Late surge gives leftist firebrand shot at French vote run-off

Jean-Luc Mélenchon has growing momentum in the polls and could yet face French President Emmanuel Macron in the second round of the presidential election.

Jean-Luc Mélenchon takes part in a campaign march in Paris.
Jean-Luc Mélenchon takes part in a campaign march in Paris.
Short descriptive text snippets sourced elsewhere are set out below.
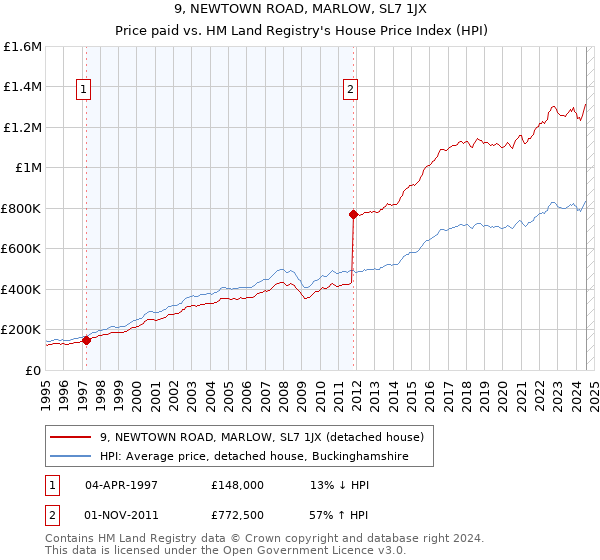 9, NEWTOWN ROAD, MARLOW, SL7 1JX: Price paid vs HM Land Registry's House Price Index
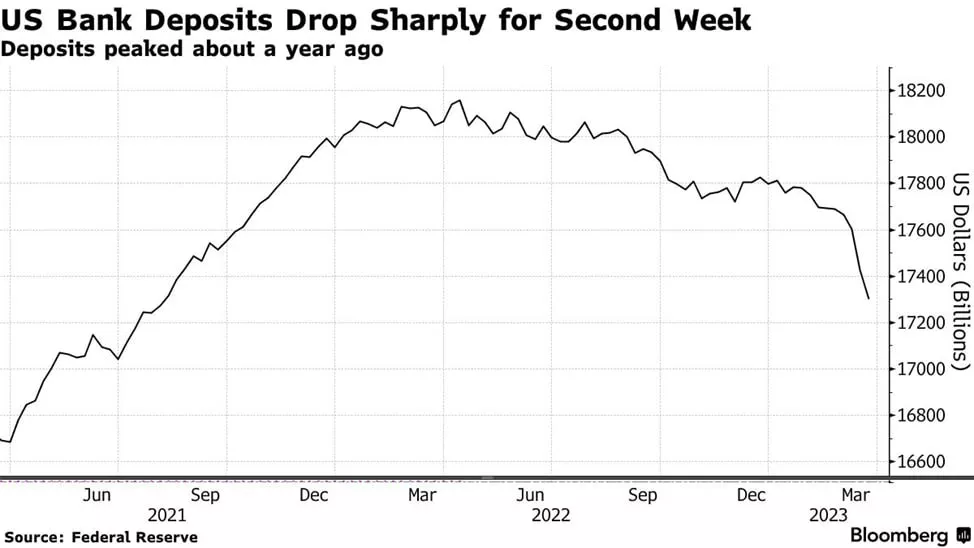 Динамика средств на депозитах в коммерческих банках США. Данные: Bloomberg.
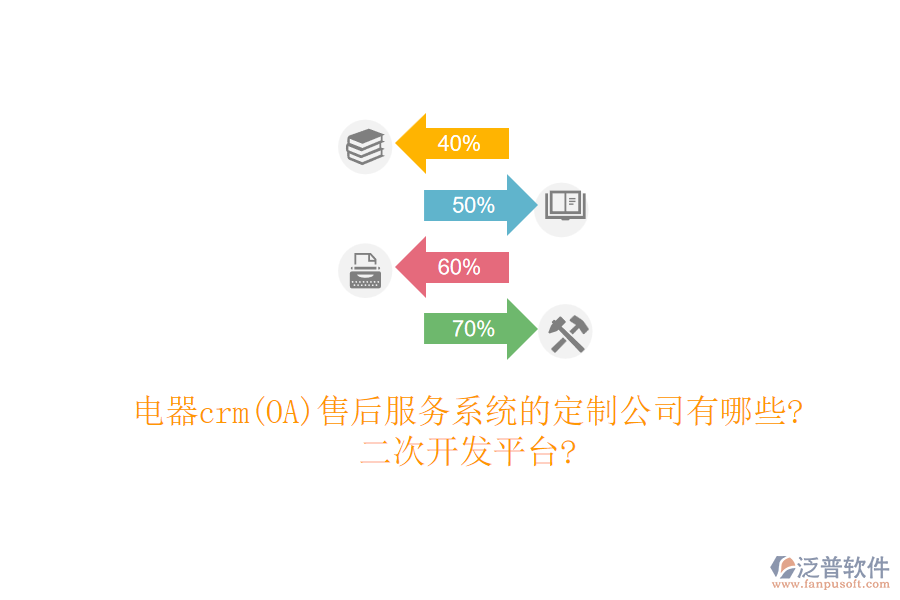 電器crm(OA)售后服務(wù)系統(tǒng)的定制公司有哪些?<a href=http://www.napavibes.com/Implementation/kaifa/ target=_blank class=infotextkey>二次開發(fā)</a>平臺?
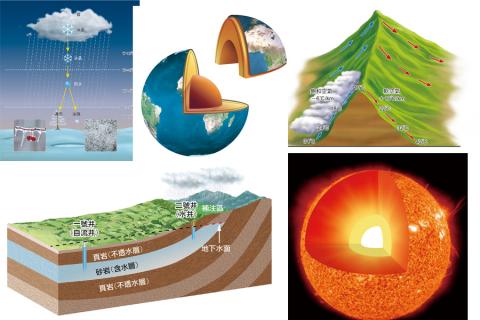 4CATS設計繪圖工作室 - 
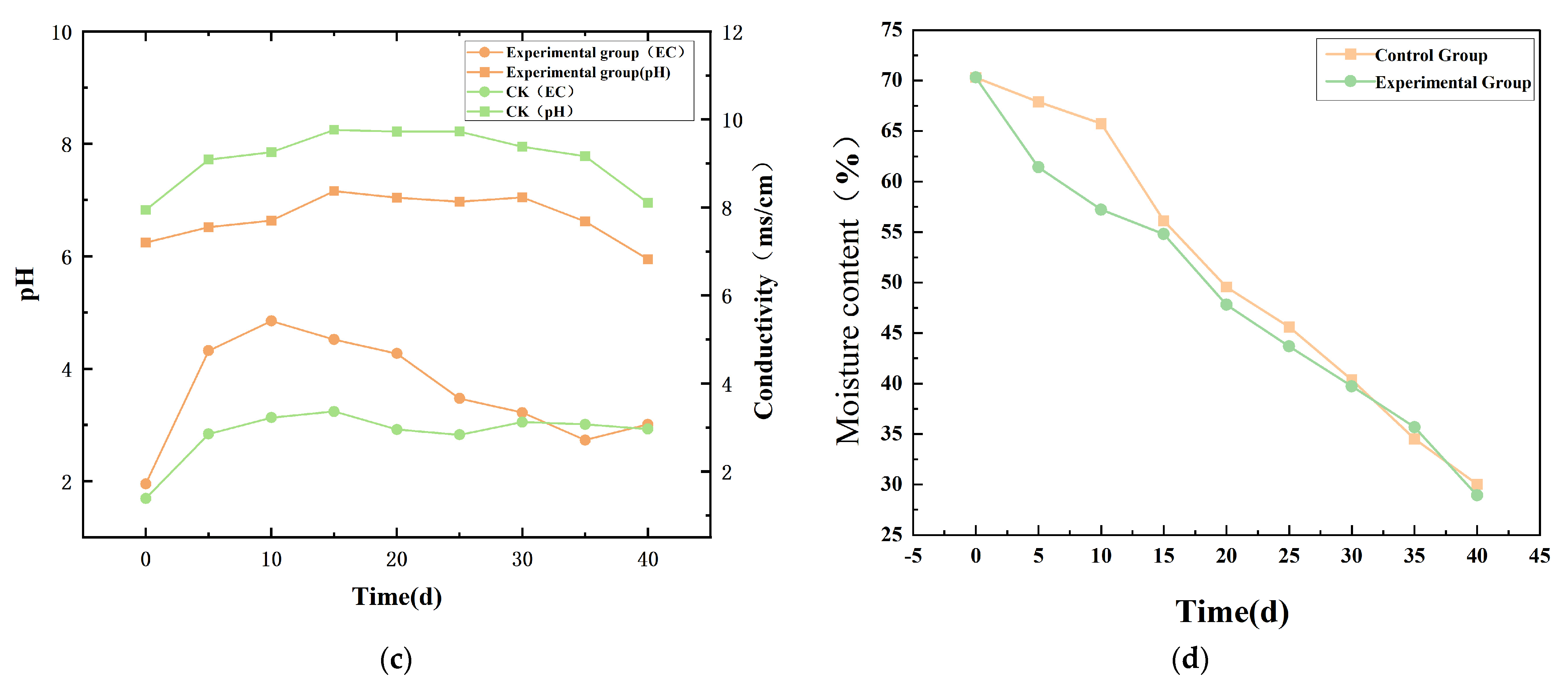 Sustainability 18 00488 g002b Sustainability 18 00488 g002b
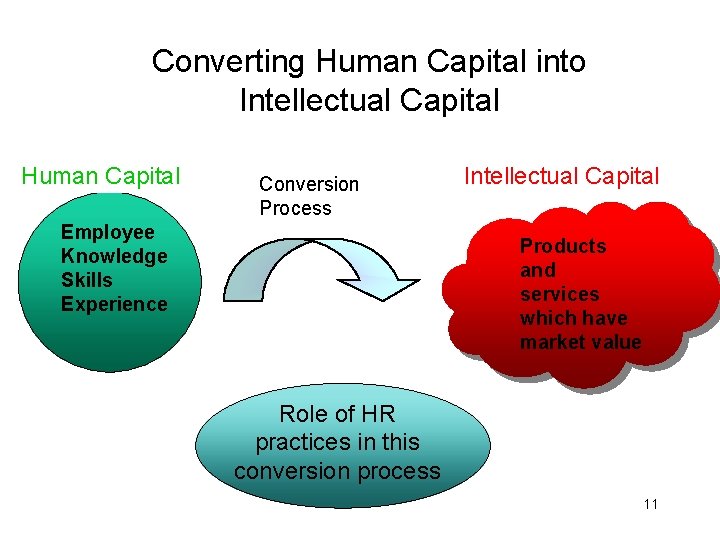 Converting Human Capital into Intellectual Capital Human. Capital Conversion Process Employee Knowledge Skills Experience
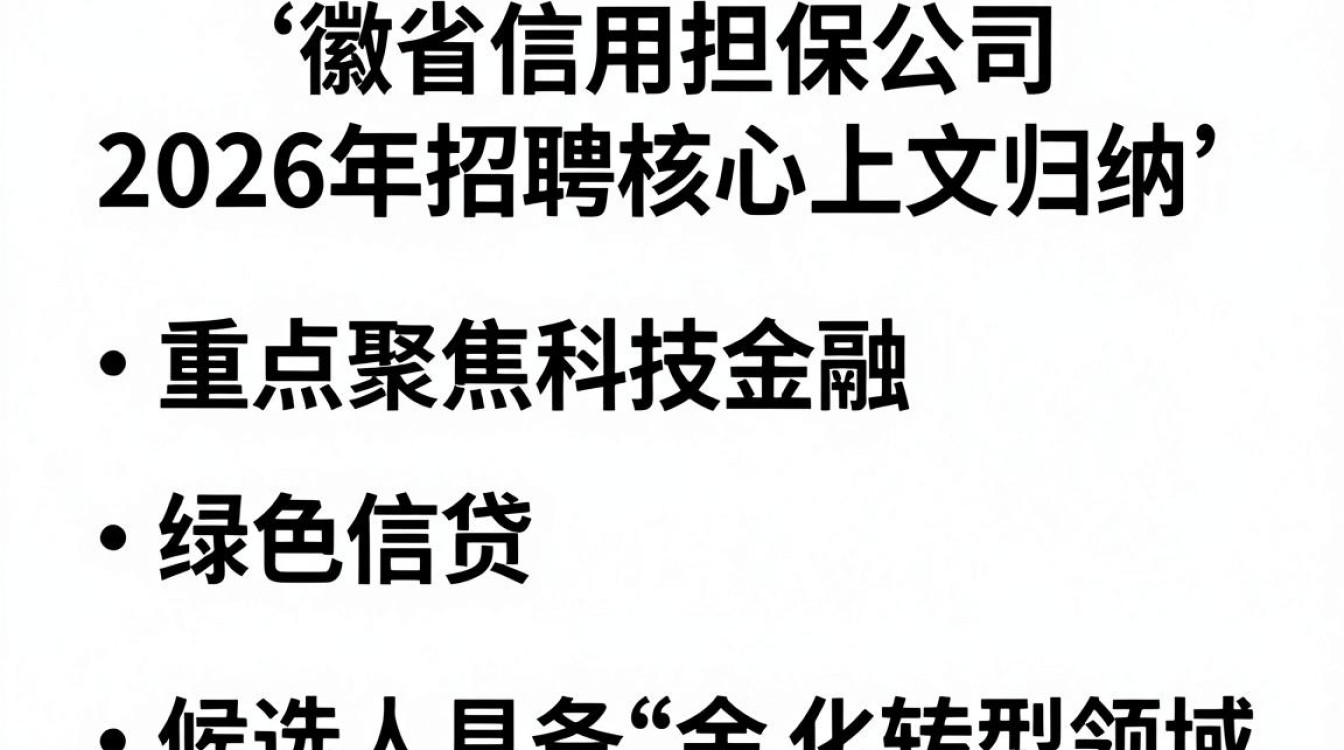 安徽省信用担保公司招聘,安徽省信用担保公司招聘条件-图2 安徽省信用担保公司招聘,安徽省信用担保公司招聘条件-图2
He could still make it to the second round. (Photo by Christophe ARCHAMBAULT / AFP)

Jean-Luc Mélenchon, a divisive but charismatic 70-year-old leftist, is in possible contention to make a French presidential election run-off against Emmanuel Macron as traditional socialist forces fall by the wayside.

With Macron way ahead in polls for the first round on April 10, far-right leader Marine Le Pen remains favourite to make the second round, but analysts give far-leftist Mélenchon a chance if he can maintain his current momentum.

While other leftist candidates are stagnating or losing ground, Mélenchon — who has likened himself to a “sagacious tortoise” — is steadily progressing towards the finishing line.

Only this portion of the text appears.